In most markets people do what is profitable. How can giving high grades be profitable. I am not sure. Clearly they mean fewer students complaining about grades. They could also help in the course evaluation area and in the enrollment area. You might even recruit some students to your political philosophy or convince them that you are deserving of their adoration. Put it this way. If the there is a profit in grading, would you want to be a high grader or a low one?
 

Cheer up. There is good news. Two types of good news, in fact. First, it could get worse so we are actually in a better place than we may be going.  Soon we will compete for students on the basis if the grades we give. Second, in the last year there were only two violators of the 3.6 limit. There is also bad news. One of the habitual offenders knows no limit to what he or she deserves and there is little sign that this or any other administration has uttered the word "no" to him or her.
I can use graphs or equations to explain this if you need it.

Your friend, Bruce


Wednesday, November 06, 2013

The Dentist or a Faculty Meeting



Upon coming out of today's faculty meeting, a colleague said in passing that she would rather have been in the dentist's chair than in the meeting.

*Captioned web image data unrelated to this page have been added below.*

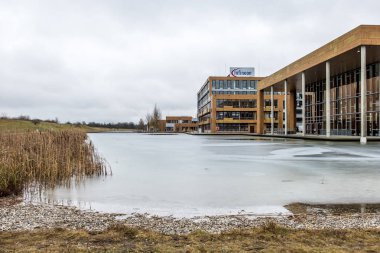 Neubiberg, Almanya - 16 Şubat 2018: Infineon işlerini üzerinden kontrol onların bina yakın Münih Merkez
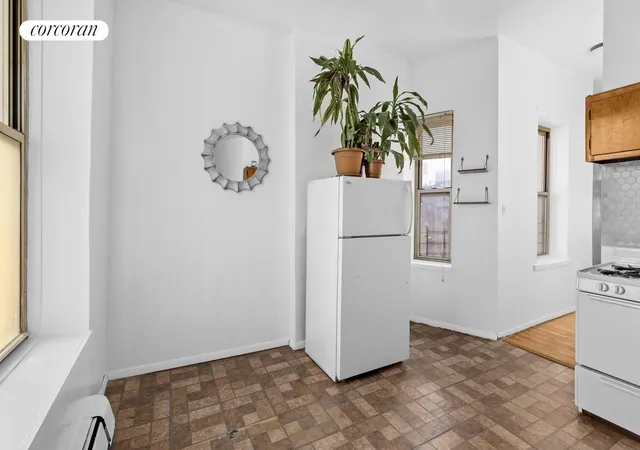 4th image of 519 E 11Th St, New York City, NY 10009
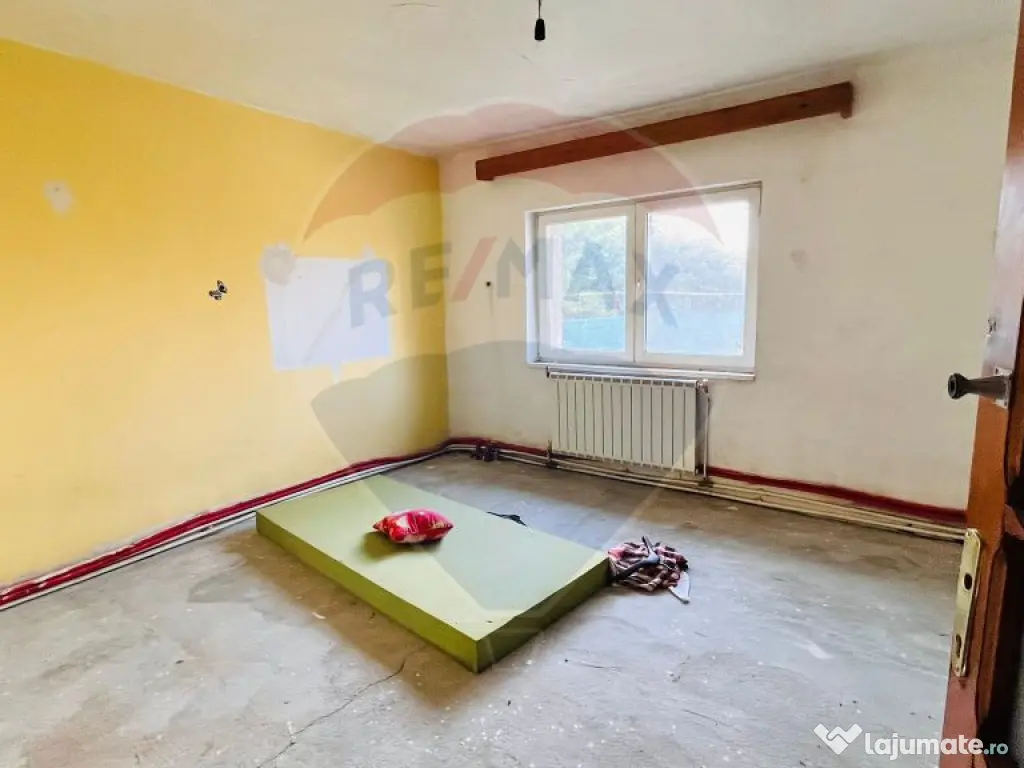 Casă / Vilă cu 4 camere de vânzare Santandrei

I was surprised. I do not know what it is like at other schools but at my school we have norms that people observe in order to move business along in a collegial fashion.  What could be better than working with a group of selfless and wonderful bright yet humble people in order to solve problems. When we are go into decision making mode nothing can stop us. For example,

1. There are no hidden motives. People say why they are asking a question and its relevance.
2. Once a faculty vote is taken no one puts his or had up to again voice opposition to the outcomes as in "even though you just voted 50-3 against me, I still think you are wrong." No that does not happen.
3. No one views him or herself as someone around whom the law school rotates. For example, if we are thinking about raising the grading curve no one says, "I oppose this because I need to give low grades." Instead they think of the overall impact on the students.
4. No one says, let's give higher grades whether deserved or not because of the "market."
5. No one raises his or her hand to speak unless he or she is sure she is talking about the issue before the faculty.
6. If the discussion is about a motion to amend no one puts up his or her hand to talk about a unrelated part the proposal.
7. No one asks for more data that are unrelated to the decision.
8. No one ever just raises his or her hand to say things like, "I just don't know what to think."
9. No one thinks that when you are grading on a curve the grades are still based on absolute as opposed to relative performance.
10. When an issue is carried over from one meeting to another, people who were not at the first meeting do not jump in assuming their points have not already been made or that they have something novel to say.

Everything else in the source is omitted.